Short web captions:
>>>

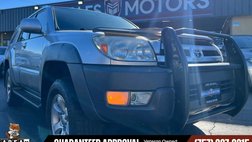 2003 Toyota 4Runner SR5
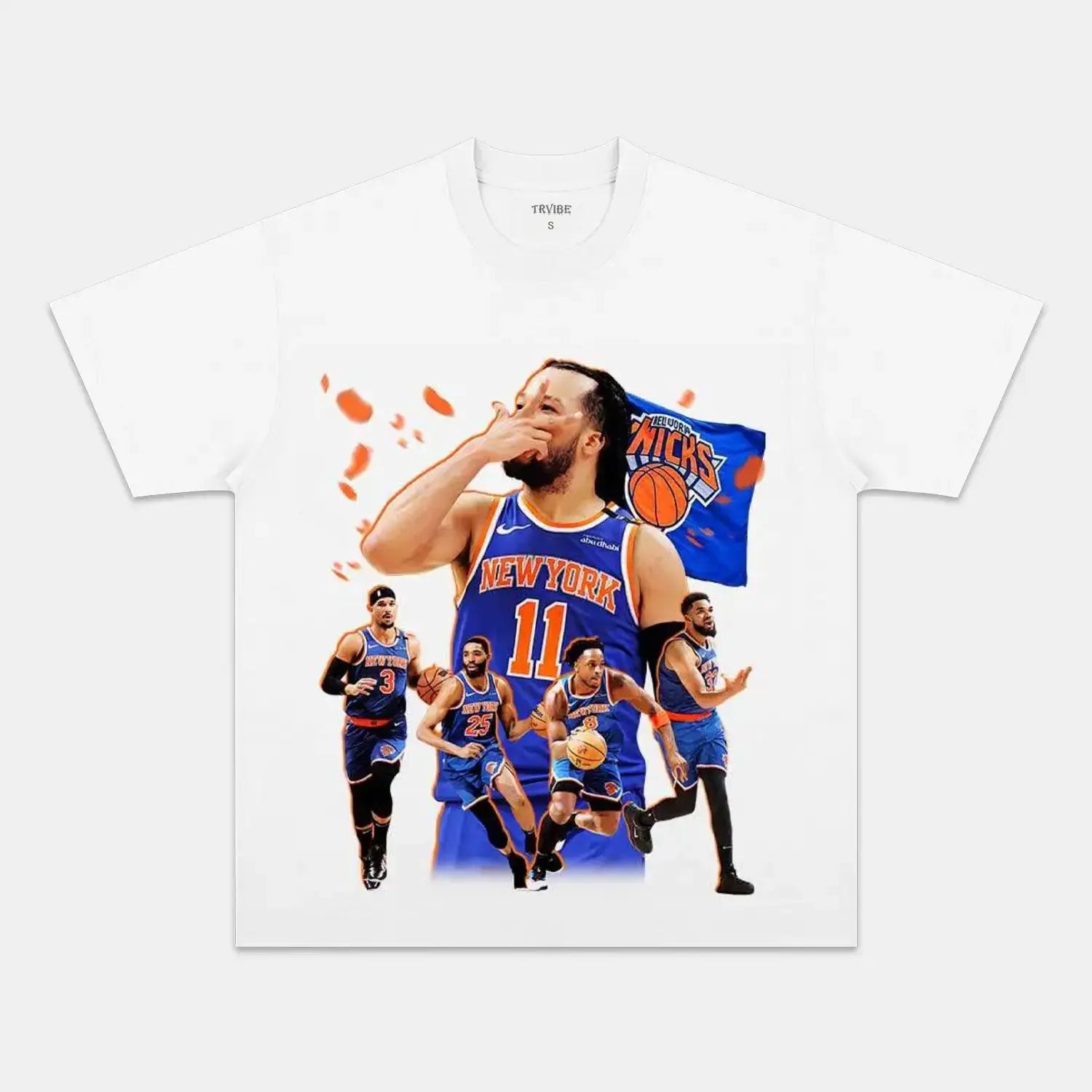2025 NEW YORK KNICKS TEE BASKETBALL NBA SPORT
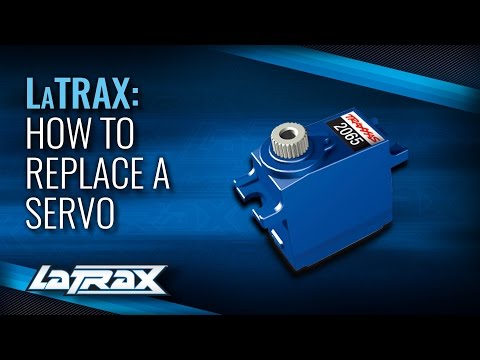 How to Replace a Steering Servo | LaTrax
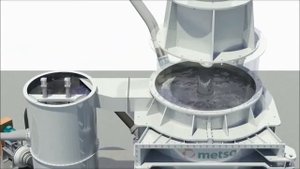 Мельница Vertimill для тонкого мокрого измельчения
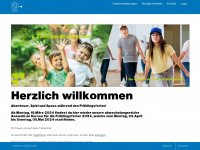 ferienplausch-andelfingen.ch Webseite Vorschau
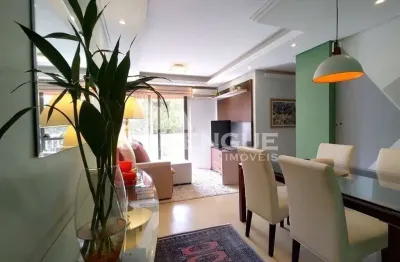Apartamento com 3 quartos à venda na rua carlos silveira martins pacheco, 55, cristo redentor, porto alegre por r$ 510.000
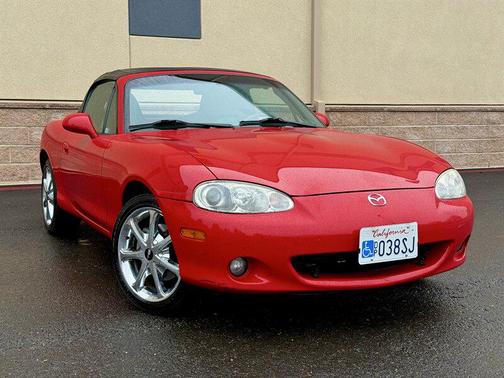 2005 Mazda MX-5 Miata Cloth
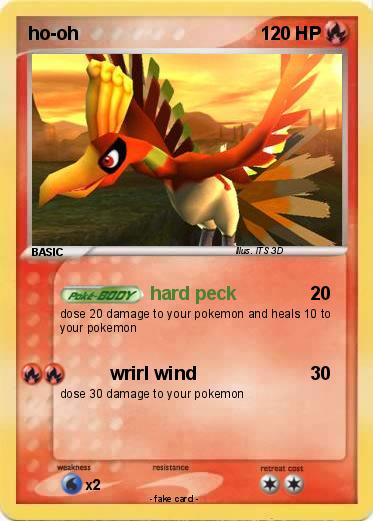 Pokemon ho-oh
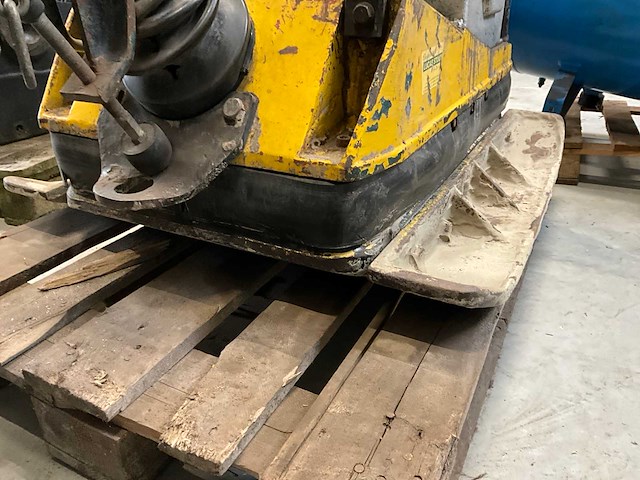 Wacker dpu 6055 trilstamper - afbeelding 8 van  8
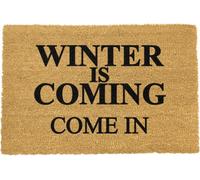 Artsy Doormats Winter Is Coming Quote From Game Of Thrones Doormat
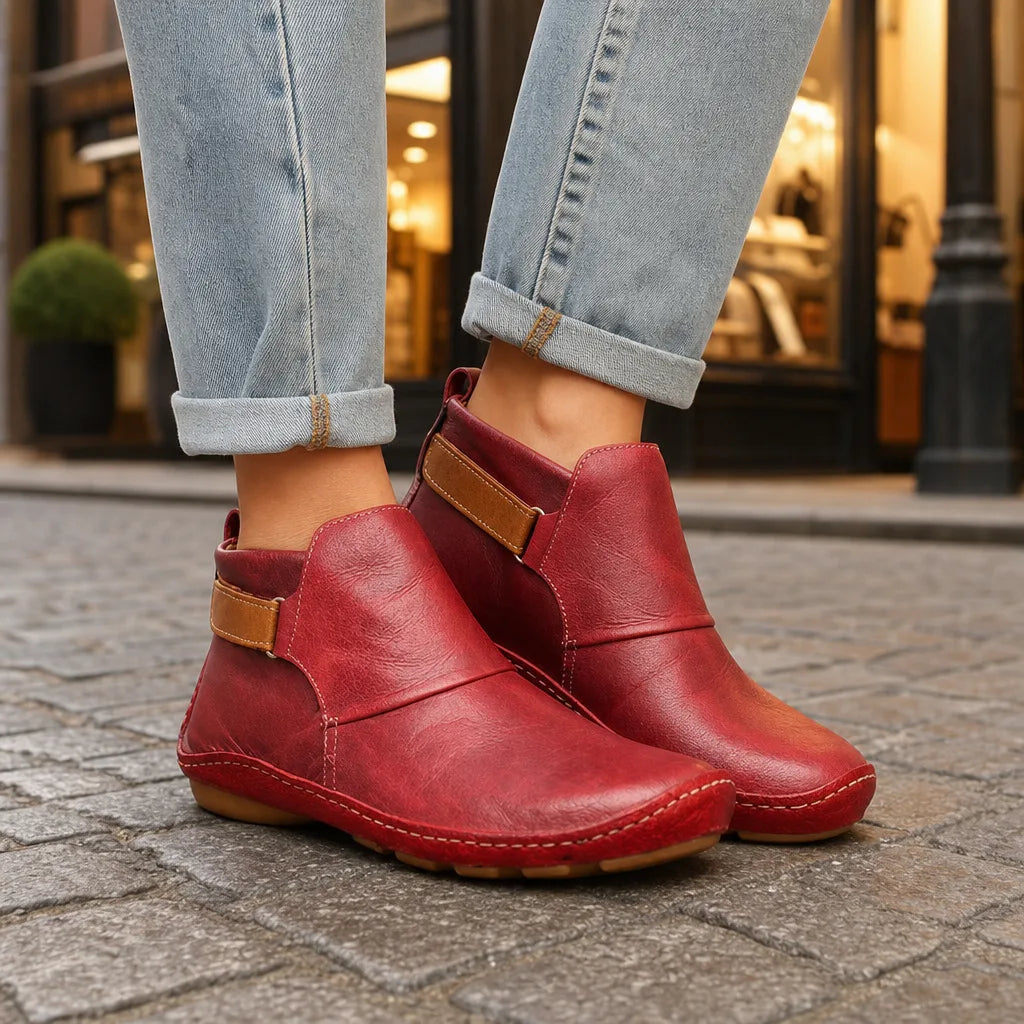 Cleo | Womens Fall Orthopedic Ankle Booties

<<<

Your answer must consist of the entries, unchanged, with no pictures in it.

 2003 Toyota 4Runner SR5
2025 NEW YORK KNICKS TEE BASKETBALL NBA SPORT
 How to Replace a Steering Servo | LaTrax
 Мельница Vertimill для тонкого мокрого измельчения
 ferienplausch-andelfingen.ch Webseite Vorschau
Apartamento com 3 quartos à venda na rua carlos silveira martins pacheco, 55, cristo redentor, porto alegre por r$ 510.000
 2005 Mazda MX-5 Miata Cloth
 Pokemon ho-oh
 Wacker dpu 6055 trilstamper - afbeelding 8 van  8
 Artsy Doormats Winter Is Coming Quote From Game Of Thrones Doormat
 Cleo | Womens Fall Orthopedic Ankle Booties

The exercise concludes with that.